Jesuit’s UIL Math team, lead by senior Brendan O’Brien, looks to establish a winning tradition in the competitive arena of high school math competitions. Because only the top three district contestants continue to the regional meet, UIL Math will need anyone who can contribute to the team’s success. At the district meet in February, contestants can try their luck in three categories: Calculator Applications, Number Sense, and Math.

Calculator Applications is a competition that not only involves calculator skills but also a strong understanding of math along with intense speed with a calculator. At any given practice, three or four mathletes rapidly plug numbers into their TI-84 calculators while recording their answers in hurried, messy handwriting on a long sheet of paper. Each test consists of 70 questions with topics ranging from geometry to long long-division.

To make the test difficult, only half an hour is given to complete the test, and none of the questions can be plugged quickly into a calculator; all the questions involve multiple decimals. Mistakes are made either in erroneous plugging of number into a calculator or incorrect rounding, because every answer must be rounded to three significant digits. Because the test punishes wrong answers, sophomore Erik Furton can frequently be heard in practice exclaiming, “I got a negative score again!”

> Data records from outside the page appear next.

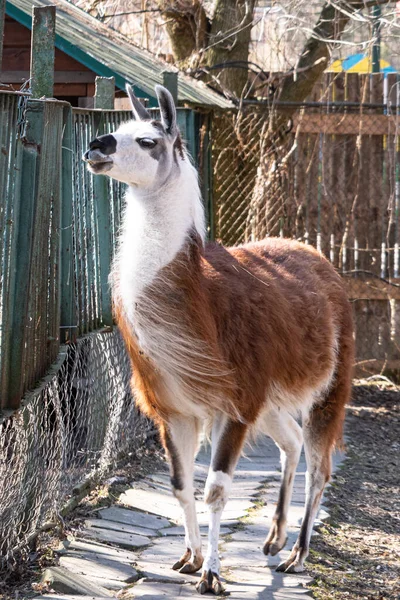 Ciervo Joven Zoológico — Foto de Stock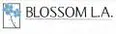 Blossom L.A. Pediatric Therapy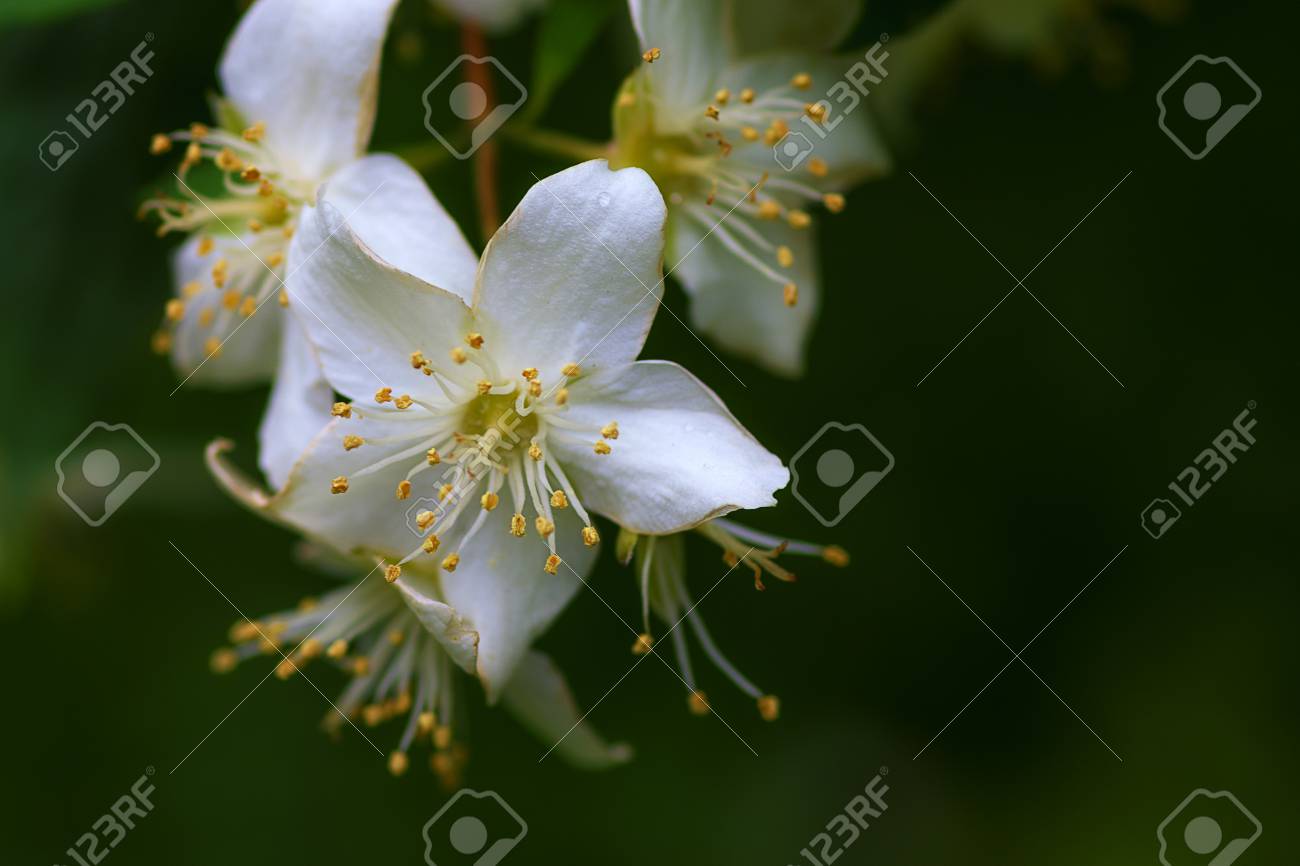 ジャスミン Jasminum オリーブ モクセイ科 の家族から常緑の低木の属であります 緑の葉の背景に白い花 マクロ撮影 の写真素材 画像素材 Image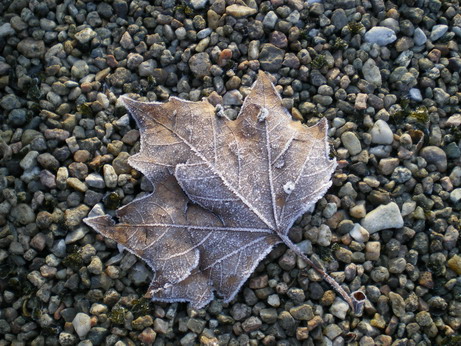 c0124619_10351991.jpg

Number Sense, also called mental-math, requires little understanding of complex math but rather an ability to work quickly and accurately. The test consists of 80 questions, but testers are given only 10 minutes. Although the questions are not difficult, the student must do all work in his head, introducing a factor of difficulty into the test.

Challenges in this test come from the short amount of time, the mental-math aspect, and the points deducted for skipping questions: all these lead to low scores, possibly even reaching the negatives. “Hopefully I can do well on the test and earn a trip to region,” said Sophomore Grant Uy, the team’s best Number Sense competitor.

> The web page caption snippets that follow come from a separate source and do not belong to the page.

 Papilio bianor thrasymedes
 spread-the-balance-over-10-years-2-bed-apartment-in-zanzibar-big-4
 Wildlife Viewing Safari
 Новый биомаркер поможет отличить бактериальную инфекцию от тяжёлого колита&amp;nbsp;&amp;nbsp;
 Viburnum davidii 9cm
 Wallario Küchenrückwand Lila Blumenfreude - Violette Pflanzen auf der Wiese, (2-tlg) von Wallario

The Math competition requires a thorough understanding of mathematics, as questions range from trigonometry to calculus. With 40 questions to answer in 60 minutes, the time is not much of a factor. However, because of the difficulty of the questions, it is hard to score well. Senior Akos Furton claims, “It’s a tough test, but if you practice hard, you can succeed.”

Practice is held on most Thursdays and includes both math and food, ranging from trail mix to cookies. If you are good at math and you wish to support Jesuit’s team, give UIL Math a try.